Can I declare a function that can take pointer to itself as an argument?

Question

Reading a question in stackoverflow, I wondered whether it's possible to declare a function that takes a pointer to itself. I.e. to make such declaration of foo, for which the following would be correct:

foo(foo);

The simpliest idea is casting to another function pointer (can't cast to void*, since it may be smaller), so the function declaration looks like this:

void foo(void (*)());

While that's OK in C (and will work with casting in C++), I wonder, whether it can be done without such hard "reinterpret" casting or losing type information.

In other words, I want the following declaration:

void foo( void (*)( void (*)( void (*) ( ... ))));

but, of course, unlimited declarations are impossible. Naive typedefing doesn't help either.

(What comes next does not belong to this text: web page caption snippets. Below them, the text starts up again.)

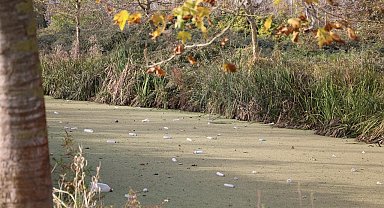 Su kanalı adeta çöplüğe döndü: Vatandaş Karasu Belediyesi'ni göreve çağırdı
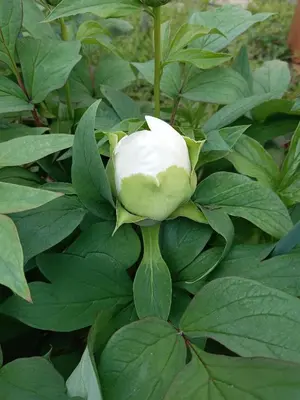 a white rose bud on a plant with green leaves at Tokyo downtown\u828d\u85e5\u838a in Tokyo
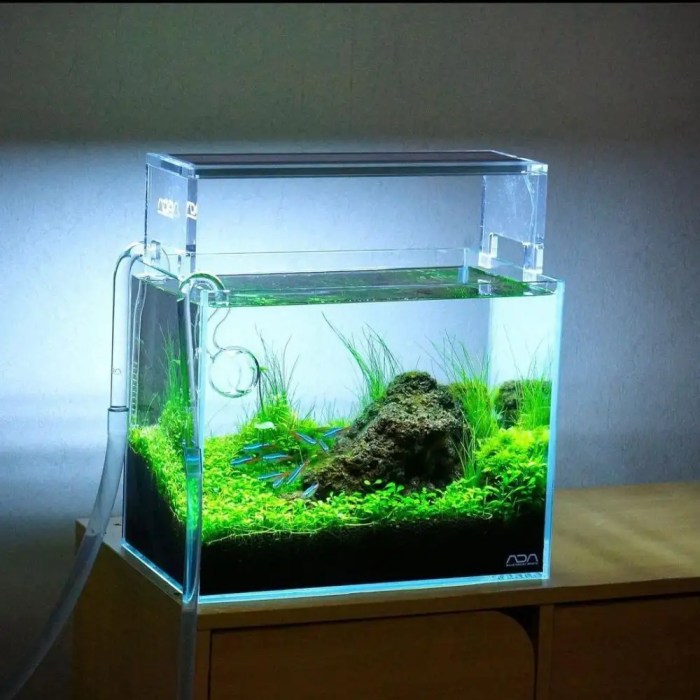 Aquarium wohnzimmer lösung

C++ templates are welcome, even if they make the calling code (foo(foo)) look a bit less succinct, but still finite.

C-style answers that show, how one can drop type information without casting, or other tricks of that sort are, of course, interesting, but won't be accepted.

Answer 1

Apparently not - see this thread. The type required here would always be infinite.

Answer 2

Another dirty trick.

void Foo( ... )
{
}

int main()
{
 Foo( Foo );
}

Above program will compile without any error. But it is not recursive. Following modified function is recursive version with a limiter.

#define RECURSIVE_DEPTH (5)

typedef void ( *FooType )( int, ... );

void Foo( int Depth, ... )
{
 void ( *This )( int, ... );

 va_list Arguments;

 va_start( Arguments, Depth );

 if( Depth )
 {
  This = va_arg( Arguments, FooType );

  This( Depth - 1, This );
 }

 va_end ( Arguments );  
}

int main()
{
 Foo( RECURSIVE_DEPTH, Foo );
}